I’ve learned that I get bogged down and overwhelmed in research if I do too much of it before writing, and so I think I’ve more or less perfected my method! What I tend to do is read 2–3 books about the period before I start, so I am grounded in knowledge, and then I research details along the way. I am writing a novel set in Nazi Germany right now, and so I read Travellers in the Third Reich, Hitler’s Doves, Berlin at War, and Excorising Hitler before I began writing. Then I continued reading some other books as I wrote, and fact checked as necessary through the writing.

What are the ethics of writing about historical figures?

I think you need to be as true to the person as you know how to be, while allowing yourself some freedom to create a character. One of the characters in my current manuscript is Hermann Göring. I read a lot about his mannerisms, hobbies, etc. before writing him, but, ultimately, he is my version of the man rather than the actual historical figure, and I think that’s okay. I don’t agree with putting things in you know to be factually incorrect.

What is your favourite childhood book?

Anne of Green Gables, without a doubt! It’s the book that first got me writing (with my own rather ripped-off version of the story!)

How do you balance making demands on the reader with taking care of the reader?

I think this is a tricky one, and a lot of it depends on author’s voice and also what genre you are writing. I like to challenge my readers to ask themselves ‘what would I do in this situation?’ and I also like creating characters that are uncomfortable—neither completely likeable nor unlikeable. But I also want to be clear about what I’m trying to communicate, so there isn’t too much guesswork involved. So, in that sense I ‘take care’ of them, while making demands in encouraging them to think about their own lives.

I like to challenge my readers to ask themselves ‘what would I do in this situation?

How did publishing your first book change your process of writing?

I think it changed my process in that it made it more urgent. When you have a non-negotiable deadline and money is involved, you can be a lot more focused, and that is generally a good thing, although sometimes the pressure can feel like a bit too much. I think it also helped me to realize I will write a lot of books, and I don’t have to put every fancy phrase, interesting character, or controversial theme in one book.
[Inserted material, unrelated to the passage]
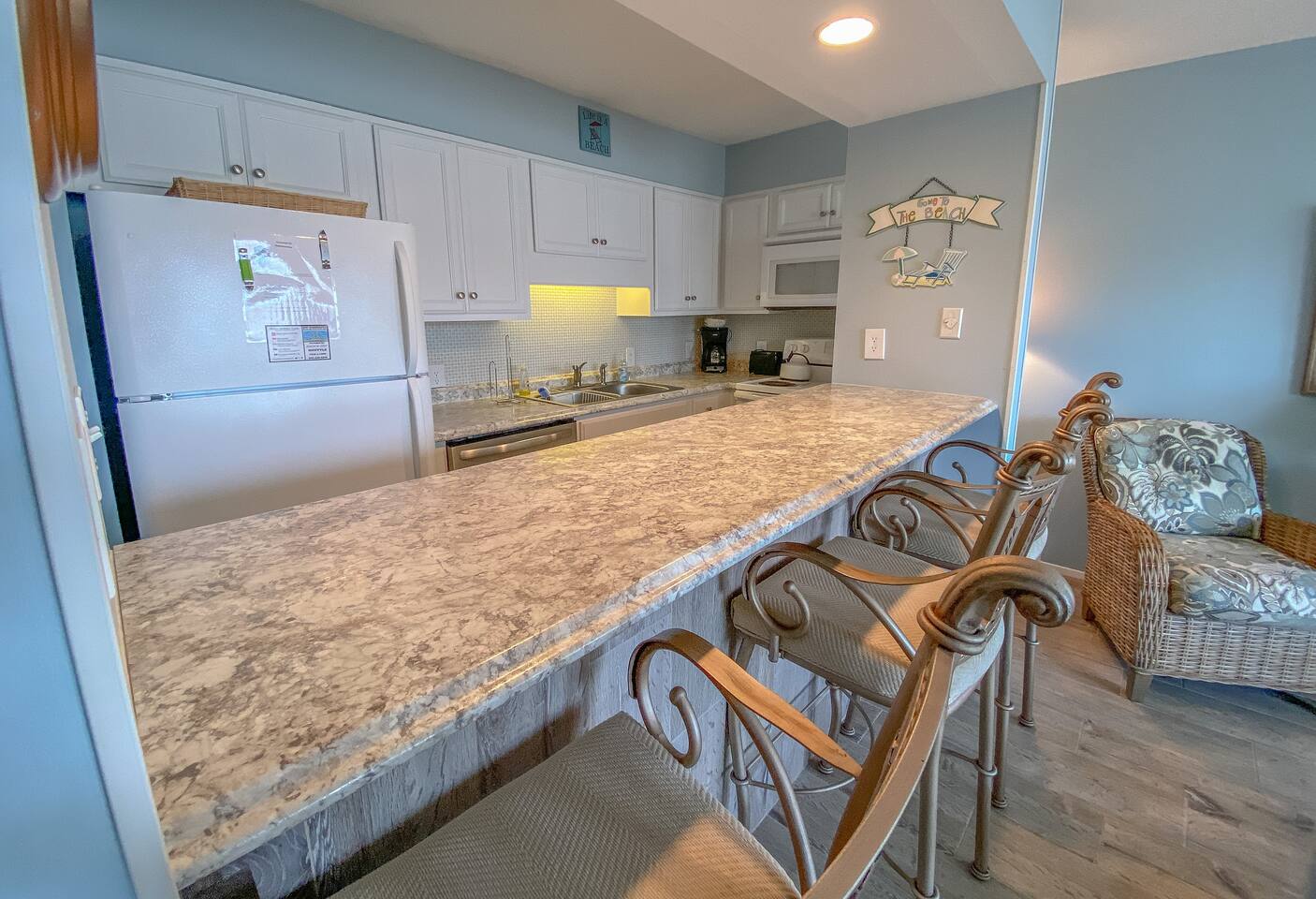 Sunswept 103-Beachfront Condo with amazing views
There is lots of room to explore and grow.

What other authors are you friends with, and how do they help you become a better writer?
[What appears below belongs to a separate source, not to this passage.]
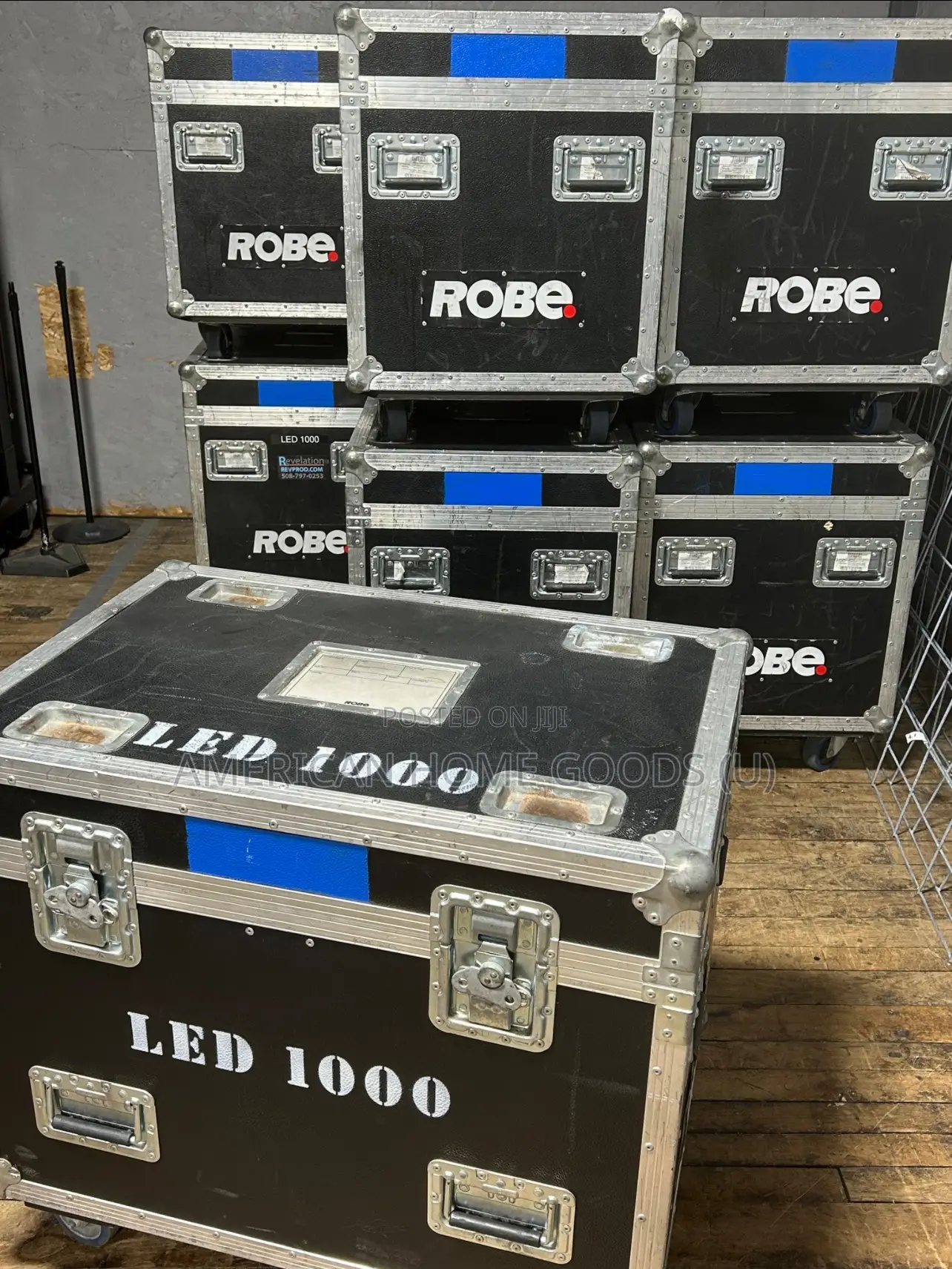 Pair Robe Robin Ledbeam 1000 - Moving Stage Lights With Storage Cases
I am friends with a lot of the authors who write for my publisher, as we’re quite a close-knit community. I’m also part of a private Facebook group for published authors that has a lot of good practical advice. Ultimately, though, I don’t think being friends with writers makes you a better writer; writing does. I have written 90+ books over the course of my career, and I learn from each one. So, my advice to aspiring authors is always: Write! And finish something. Because that is how you learn.

Thanks, Kate!

Author Bio

Kate was born in Pennsylvania, went to college in Vermont, and has spent summers in the Canadian wilderness. After several years as a diehard New Yorker, she now lives in a small market town in Wales with her husband, five children, and two overly affectionate Golden Retrievers.